Selain itu ketua komite juga harus diberi batas waktu menjabat. Maksimal ketua komite bisa menjabat selama tiga tahun untuk sekolah menengah. Ini merujuk pada waktu normal usia sekolah Asumsinya adalah jika ketua komite memiliki anak duduk di kelas satu, maka dia akan berhenti menjadi ketua setelah anaknya lulus. Sistem kerja komite juga tidak kalah penting. Jangan hanya bertemu di awal semester atau awal tahun ajaran baru untuk pembahasan kenaikan iruran saja. Bila perlu komite melakukan pertemuan rutin secara berkala untuk mengevaluasi kinerja sekolah. Hasil dari evaluasi ini nanti bisa dijadikan bahan laporan dari masyarakat ke pemerintah.
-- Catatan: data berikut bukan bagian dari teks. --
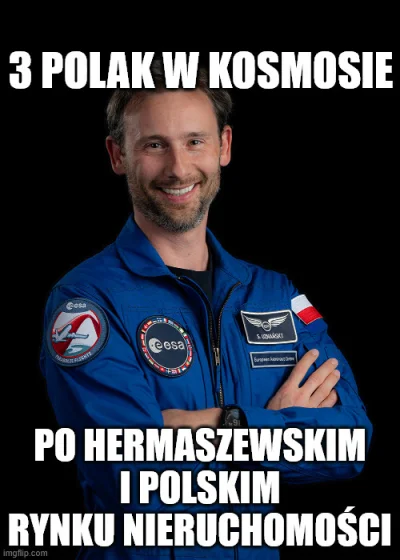 Wielka-Polska-Betonowa - #nieruchomosci #kosmos #polska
Terakhir kita perlu merubah mindset berpikir. Komite jangan selamanya diidentikkan dengan urusan finansial lembaga pendidikan semata. Selama ini seolah-olah komite hanya berperan jika ada kenaikan iuran sekolah saja. Area kerja komite sekolah sebenarnya jauh lebih luas dari sekedar urusan finansial. Banyak hal lain yang bisa dilakukan asal punya komitmen tinggi. Komite bisa merumuskan program yang dikelola tanpa melibatkan secara langsung pihak sekolah. Misalnya, dengan membuat panduan evaluasi orang tua terhadap situasi belajar anak didik saat di rumah. Ini penting mengingat waktu yang dimiliki guru untuk mendidik anak-anak sangat terbatas. Saat anak-anak berada di luar sekolah, maka orang tualah yang menggantikan peran guru. Panduan evaluasi ini bisa dijadikan “raport” yang diserahkan oleh wali murid ke guru. Hasil evaluasi ini nantinya bisa dijadikan pertimbangan bagi guru untuk menyesuaikan pendekatan dalam mengajar sesuai karakter peserta didik.          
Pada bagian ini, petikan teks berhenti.